*** Opening Entries supplied ***

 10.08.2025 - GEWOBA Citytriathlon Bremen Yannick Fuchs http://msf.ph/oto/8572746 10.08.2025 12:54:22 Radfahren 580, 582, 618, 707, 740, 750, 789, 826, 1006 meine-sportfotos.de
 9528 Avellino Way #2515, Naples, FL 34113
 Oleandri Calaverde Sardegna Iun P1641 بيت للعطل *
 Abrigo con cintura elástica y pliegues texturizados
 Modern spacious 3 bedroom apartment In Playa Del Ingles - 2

*** Closing Entries supplied ***
*** Opening Entries supplied ***

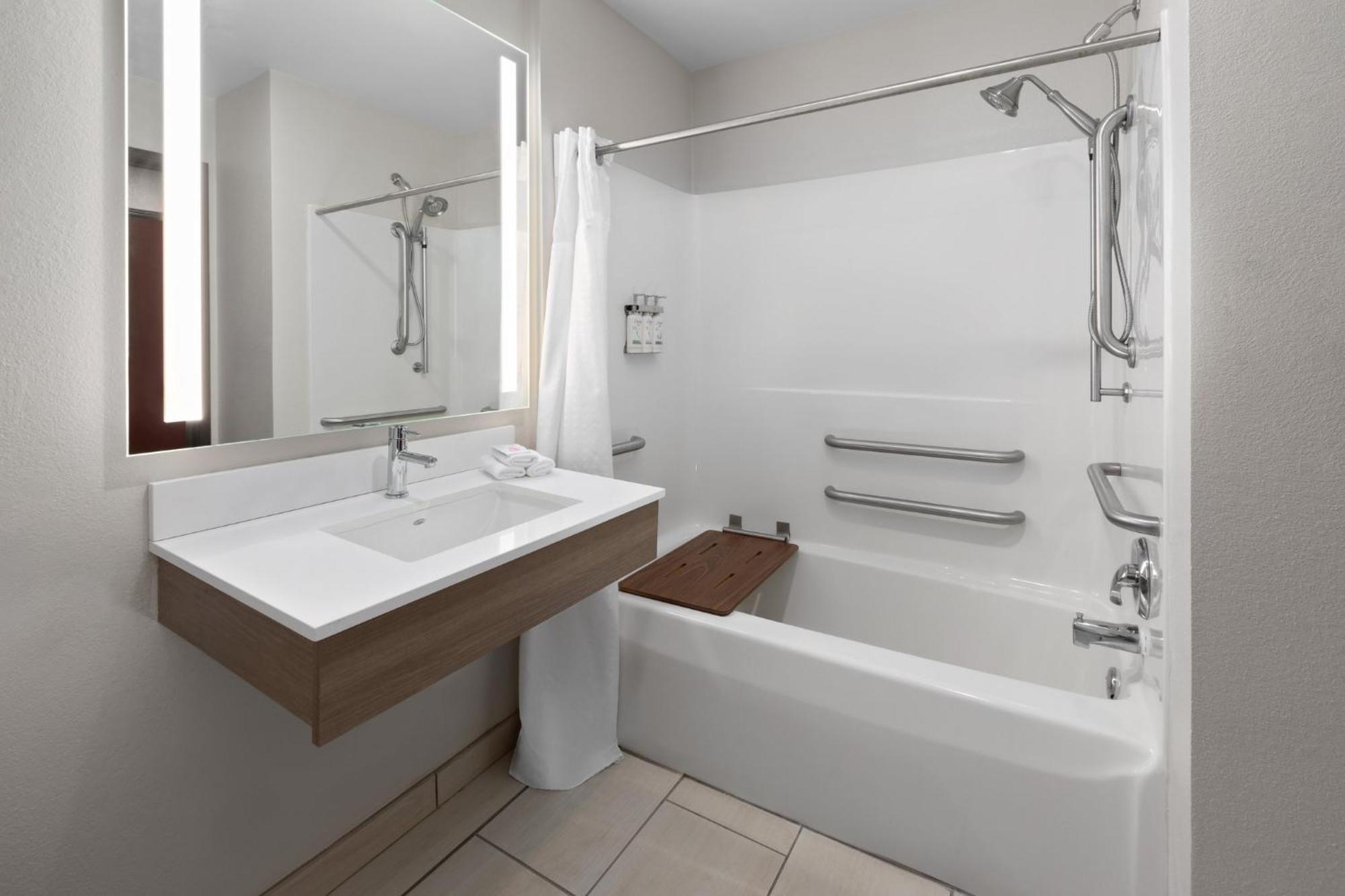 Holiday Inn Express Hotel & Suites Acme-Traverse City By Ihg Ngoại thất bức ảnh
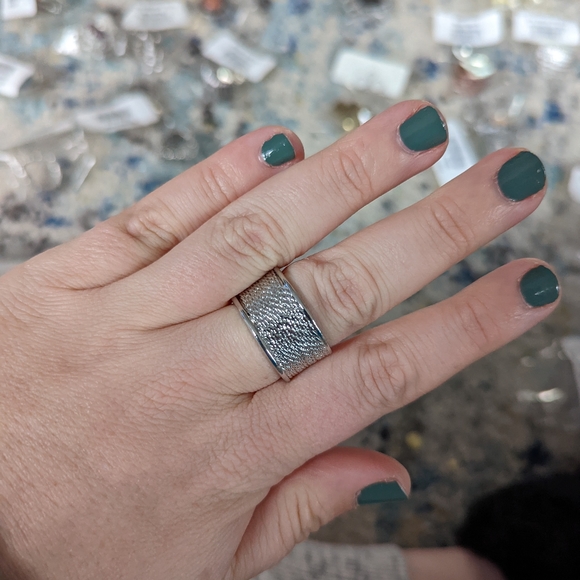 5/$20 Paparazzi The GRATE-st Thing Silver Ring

*** Closing Entries supplied ***
*** Opening Entries supplied ***

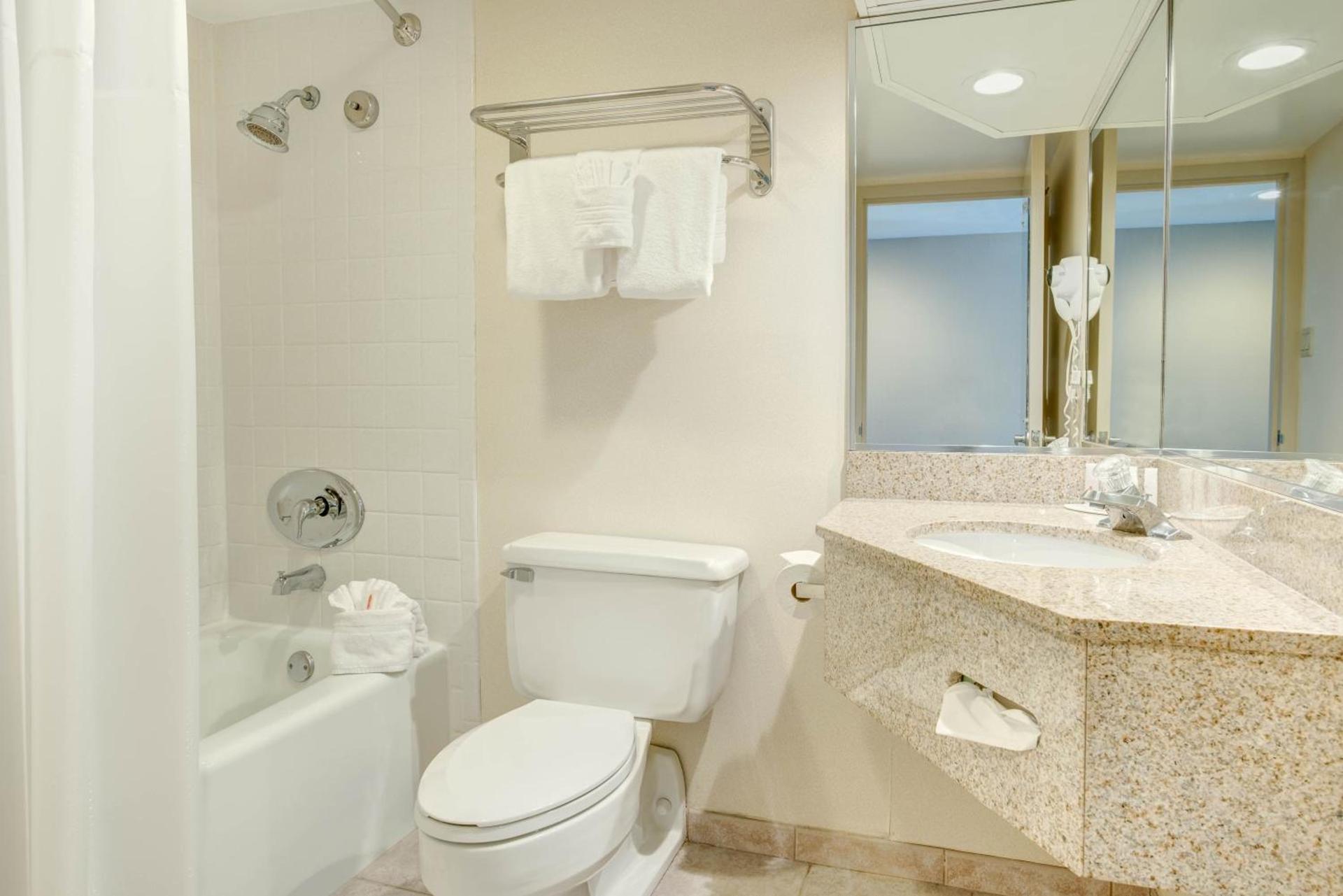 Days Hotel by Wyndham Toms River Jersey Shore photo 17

*** Closing Entries supplied ***

Which part of the entries opens with the line containing "Holiday Inn Express" and closes with the line containing "5/$20 Paparazzi The"? Output that part exactly, ends included, pictures excluded.

 Holiday Inn Express Hotel & Suites Acme-Traverse City By Ihg Ngoại thất bức ảnh
 5/$20 Paparazzi The GRATE-st Thing Silver Ring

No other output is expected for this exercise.